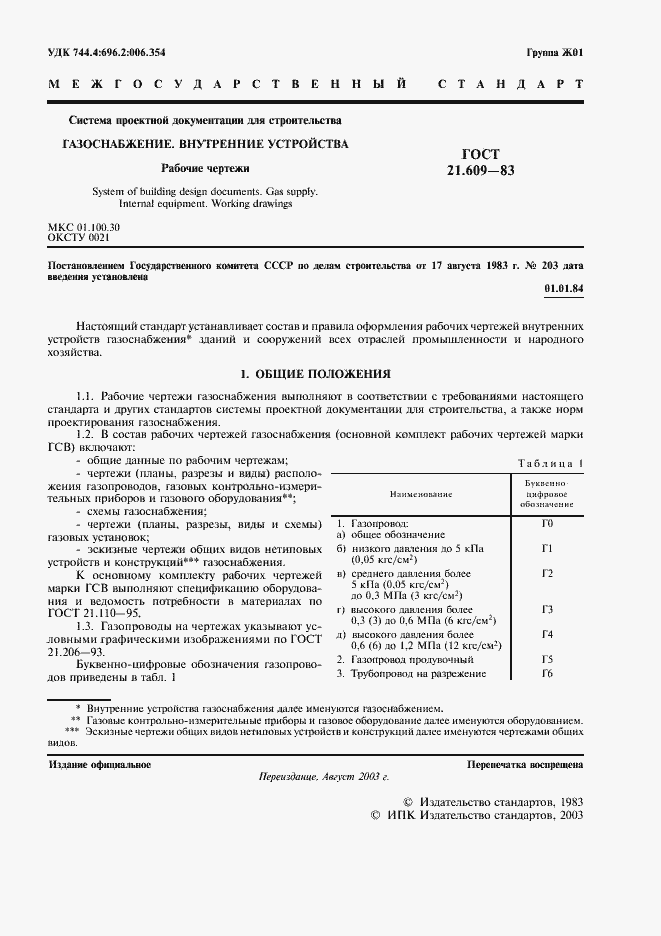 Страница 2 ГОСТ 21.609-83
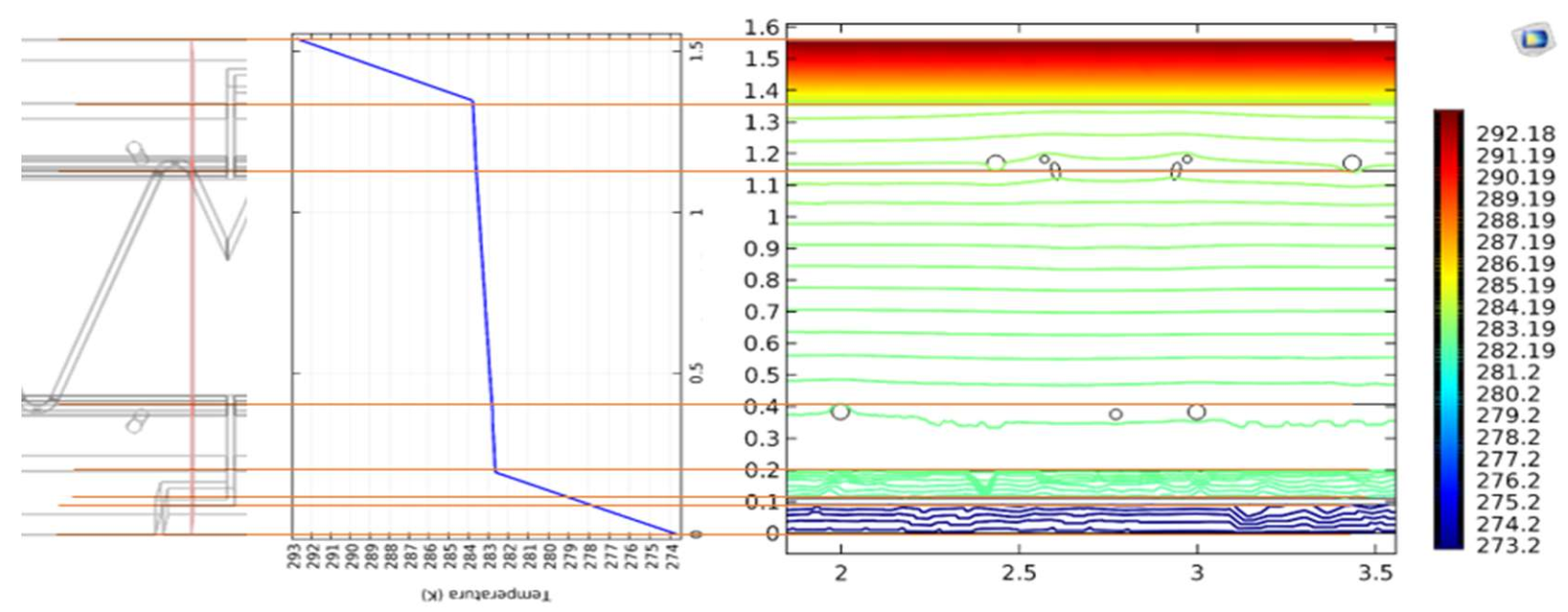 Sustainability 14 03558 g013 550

* * * *

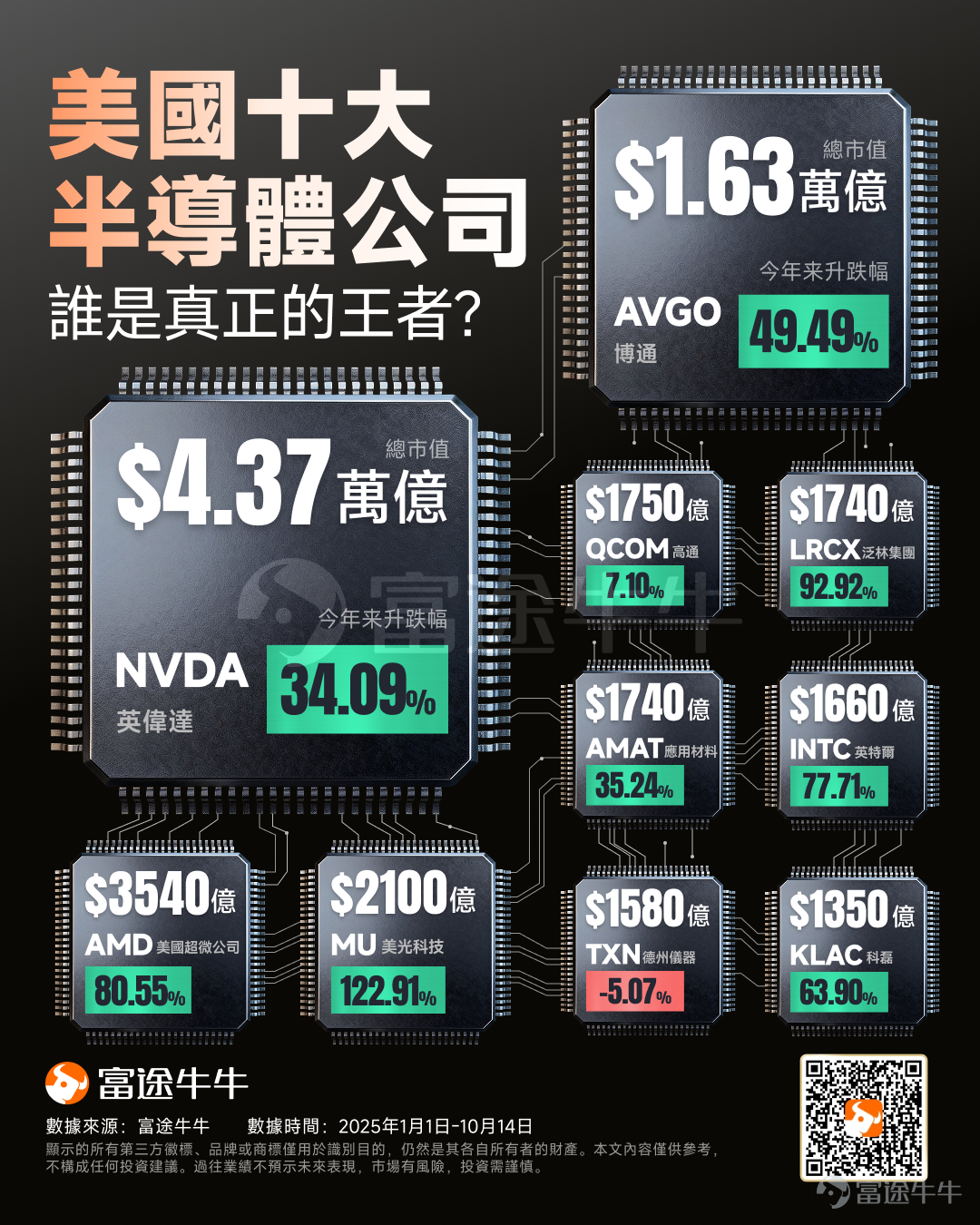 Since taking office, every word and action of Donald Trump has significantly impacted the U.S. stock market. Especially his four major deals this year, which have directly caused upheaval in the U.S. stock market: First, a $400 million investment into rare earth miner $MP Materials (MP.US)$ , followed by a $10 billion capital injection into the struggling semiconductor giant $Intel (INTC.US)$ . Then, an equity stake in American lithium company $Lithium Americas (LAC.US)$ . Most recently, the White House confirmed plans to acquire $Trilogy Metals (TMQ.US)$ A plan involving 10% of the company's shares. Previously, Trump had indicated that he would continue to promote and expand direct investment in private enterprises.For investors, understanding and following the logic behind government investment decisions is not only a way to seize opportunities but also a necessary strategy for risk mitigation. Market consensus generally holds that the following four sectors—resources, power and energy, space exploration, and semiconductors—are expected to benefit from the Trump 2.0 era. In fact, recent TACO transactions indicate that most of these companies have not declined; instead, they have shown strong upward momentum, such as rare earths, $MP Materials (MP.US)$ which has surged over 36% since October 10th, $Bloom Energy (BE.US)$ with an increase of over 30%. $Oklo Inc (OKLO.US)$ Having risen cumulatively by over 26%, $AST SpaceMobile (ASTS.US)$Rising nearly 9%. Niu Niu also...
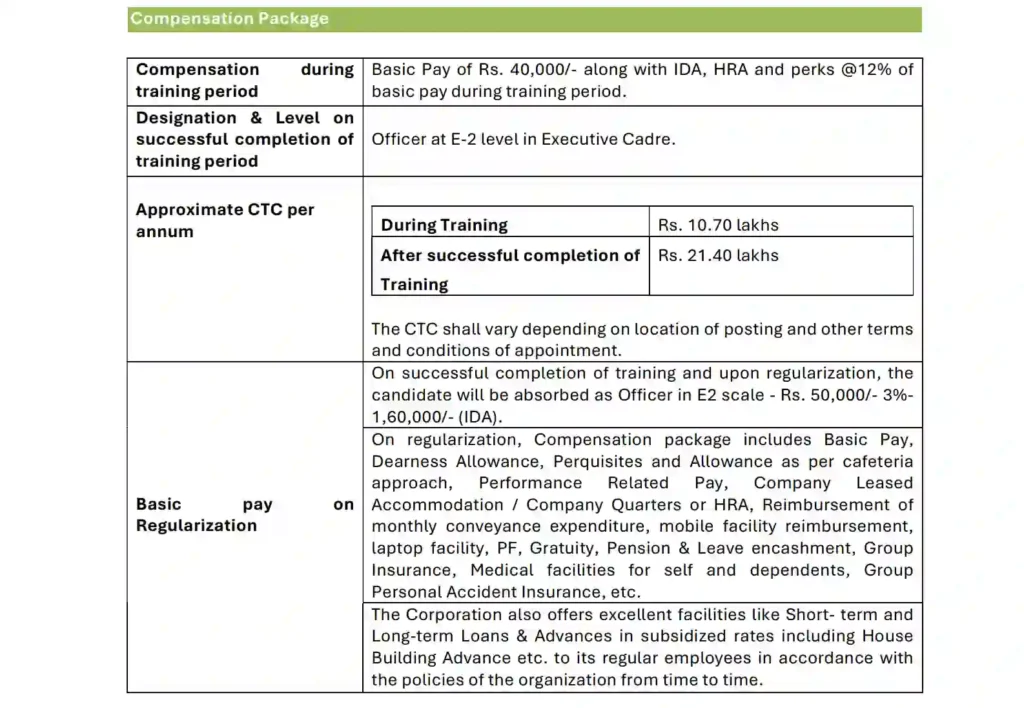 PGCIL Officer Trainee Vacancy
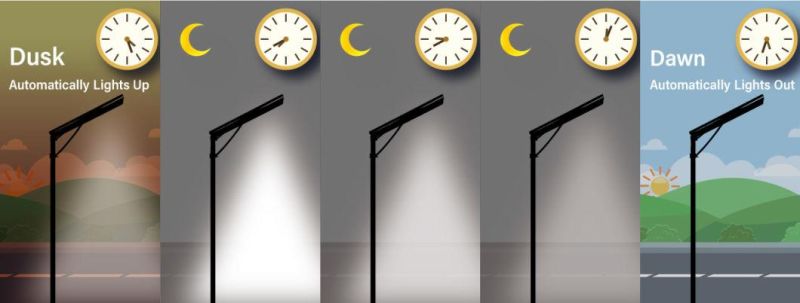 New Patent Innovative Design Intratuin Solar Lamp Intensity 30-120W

* * * *

Work item:
Word for word, write out the lines above running from the one with "Страница 2 ГОСТ 21.609-83" up to and including the one with "Sustainability 14 03558 g013 550". Drop any picture.

The completed task:
 Страница 2 ГОСТ 21.609-83
 Sustainability 14 03558 g013 550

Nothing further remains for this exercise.